This picture shows candidate locations for the landing of the Hayabusa 2 probe on the asteroid Ryugu. The top candidate is L08, and the two other sites L07 and M04 are backup locations. (Photo courtesy of JAXA, the University of Tokyo and others)

TOKYO -- The Hayabusa 2 space probe will come as close as 30 meters from the surface of asteroid Ryugu at around 2 p.m. on Sept. 12 for a landing rehearsal, according to scientists running the operation.

The procedure is designed to check the planned steps for the landing scheduled for late October and gather data on landing site candidates, according to the probe's operator Japan Aerospace Exploration Agency (JAXA).

Since its arrival at a point 20 kilometers from Ryugu on June 27, Hayabusa 2 has changed its altitude to take pictures of the asteroid's surface, measure its gravity and analyze materials on the surface as part of detailed observation activities.

For the probe to be able to land safely, the landing candidate sites should not have obstacles such as rocks measuring 50 centimeters or more in height within a diameter of 100 meters, among other conditions.
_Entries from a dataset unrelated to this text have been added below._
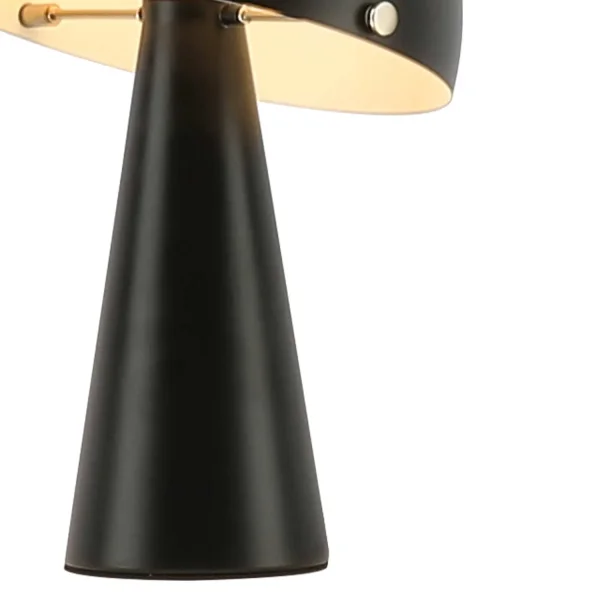 LÁMPARA DE MESA ACERO PINTADO NEGRO E27 CHANTERELLE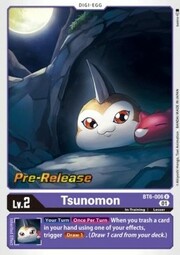 Tsunomon · Pre-Release Stamped BT6-006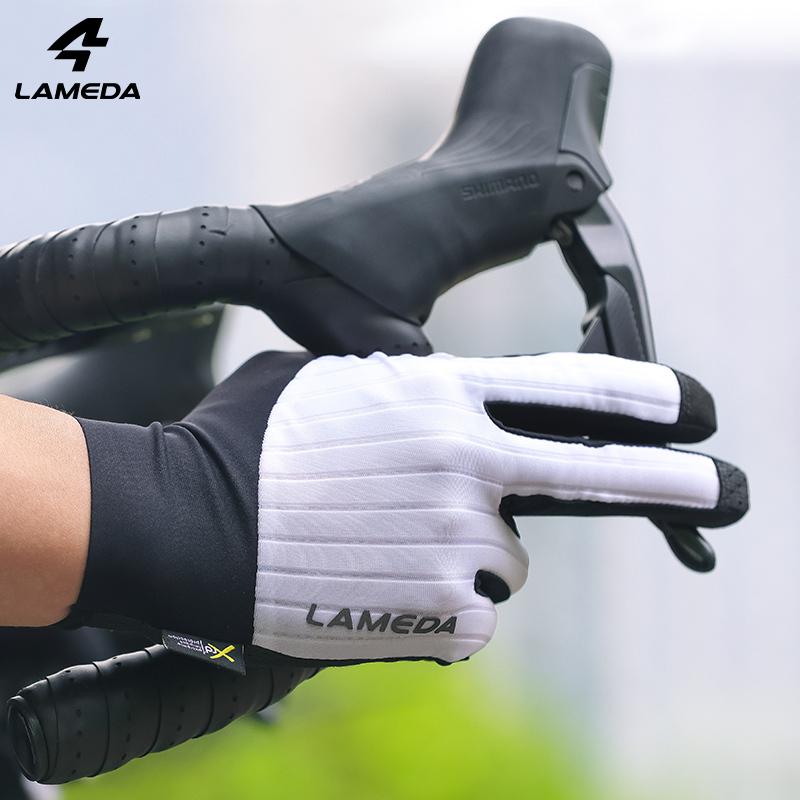 LAMEDA Men's Cycling Gloves XRD Pad Touch Screen Road Bike Full Finger Gloves Spring MTB Gloves Breathable Bicycle Accessories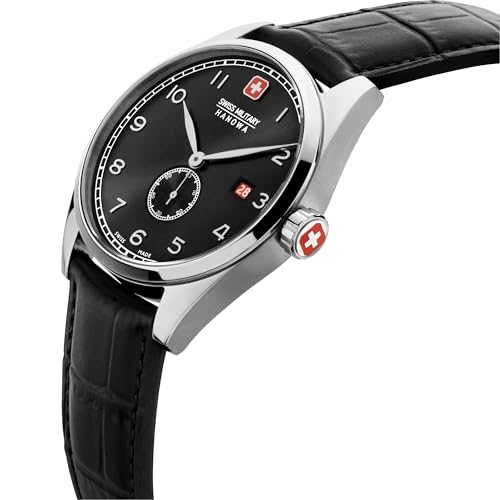 Image of Swiss Military Hanowa Lynx Black Dial Watch for Men - SMWGB0000703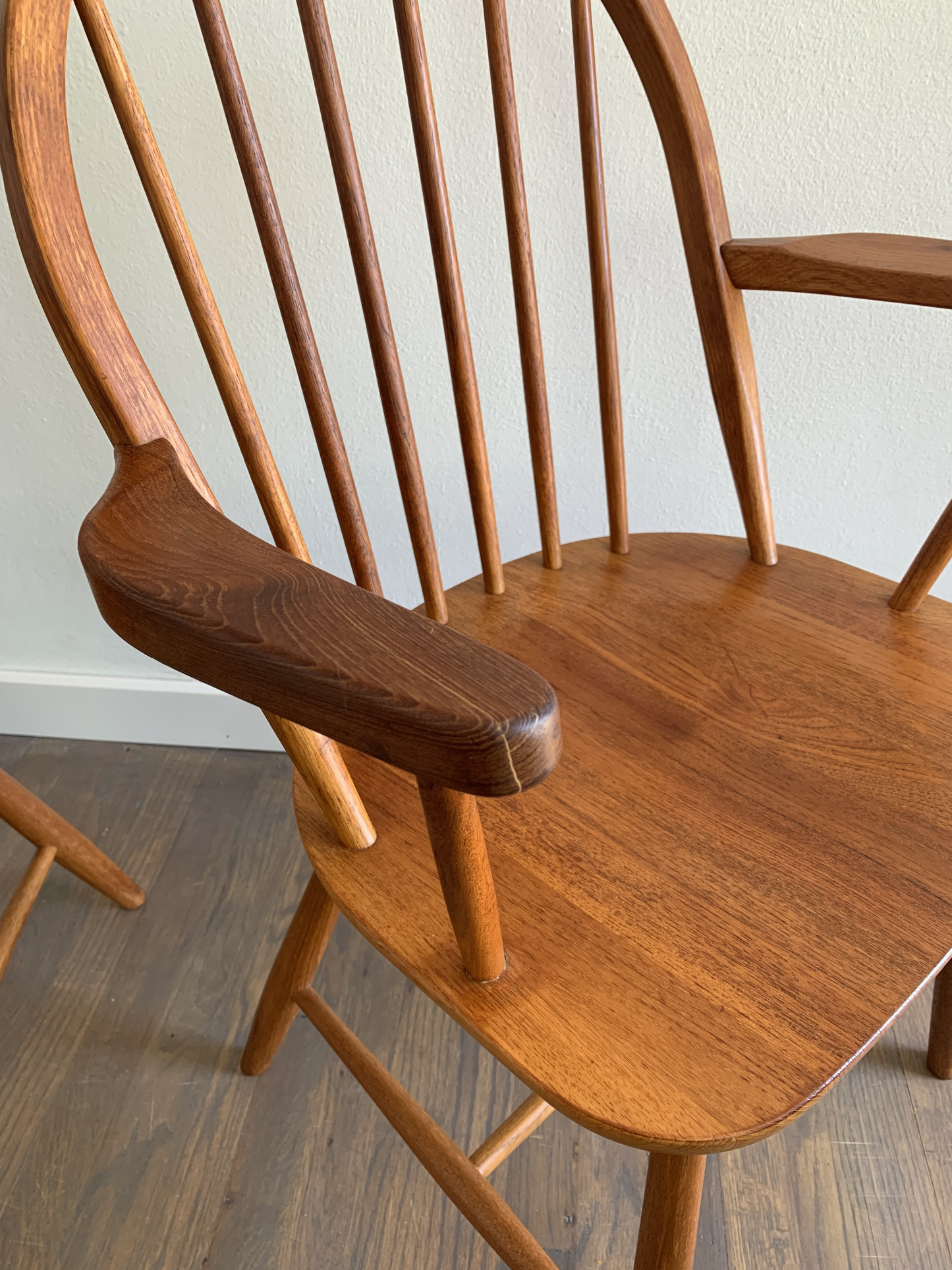 Erik Ole Jorgensen Danish Teak Dining Chairs for Tarm Stole Mobelfabrik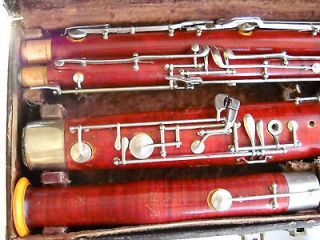 Kohlert maple wood bassoon, professionally cleaned and repadded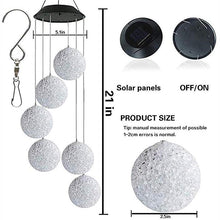 Load image into Gallery viewer, Outdoor Solar Particle Ball Wind Chime Lights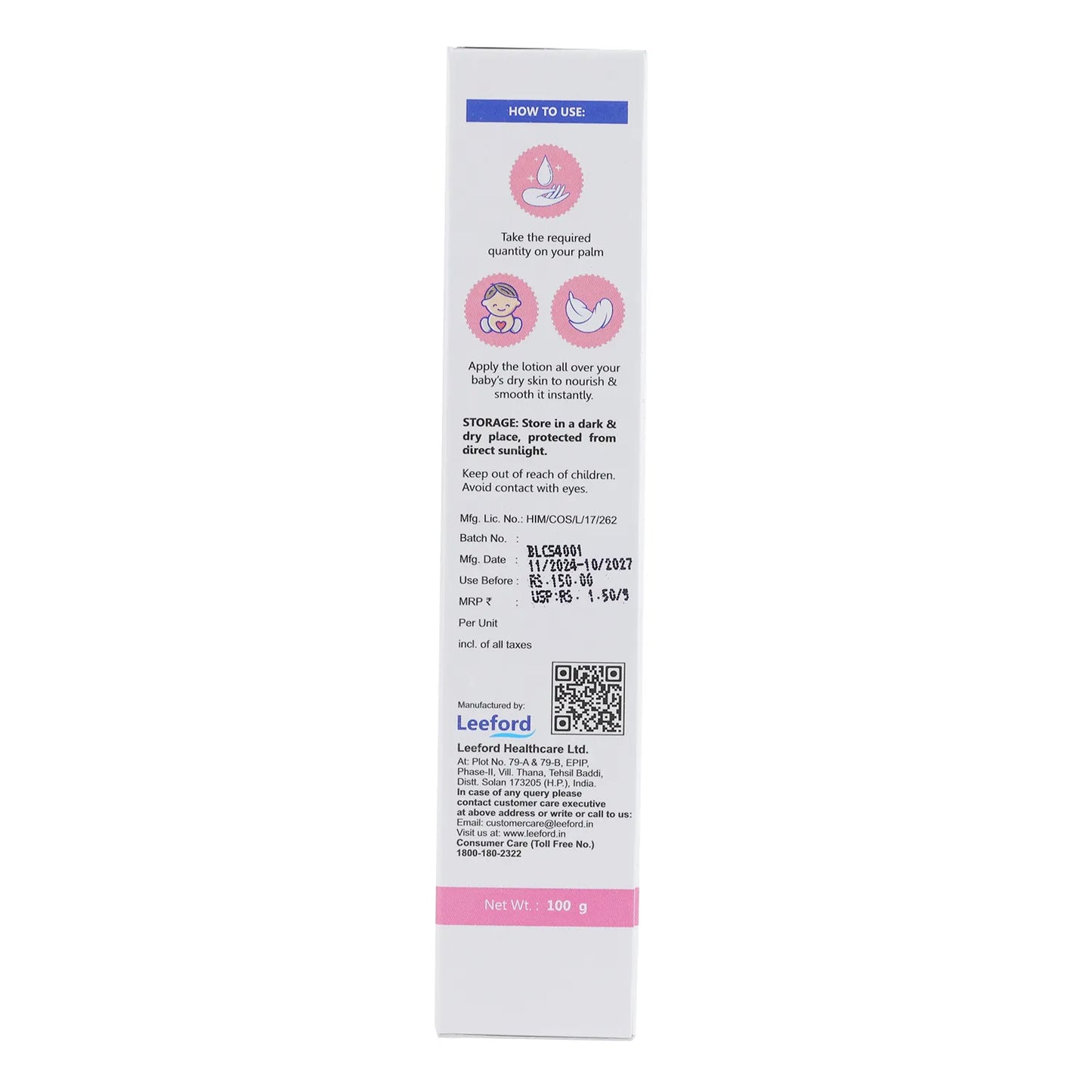 BABIT MOISTURIZING BABY LOTION 100ML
This is because of Hayabusa 2's structure with two solar panels on both sides of the upper part of the explorer. The investigation of Ryugu's surface so far has revealed that the asteroid, with many boulders dotting the surface, has no ideal place that is both flat and spacious enough for Hayabusa 2 to land.

The operators of the probe therefore tried to find "better than nothing" locations, examining images showing inclinations of surface areas as well as the density and number of boulders in detail. They chose a location near the equator, and dubbed the site "L08," while picking up two backup sites nearby called "L07"and "M04."

During the dry run, Hayabusa 2 is going to use L08. Initially, the project scientists intended to carry out the descent just to check the landing procedures and relevant equipment. But they decided to do additional observations at a closer range as well, because they are worried about unknown difficulties the spacecraft may face during landing. It is possible that the data collected during this test run may result in a change of plans.

Currently, Hayabusa 2 is almost 300 million kilometers away from Earth, and a two-way communication between the base and the outpost takes roughly 35 minutes to complete. Issuing instructions to avert danger to the probe when it is very close to the asteroid may not save the explorer due to the delay. Hayabusa 2 therefore has to act on its own at very low altitudes, halting the landing entirely if necessary. The ongoing test will confirm if the probe can make such autonomous maneuvers to avoid danger.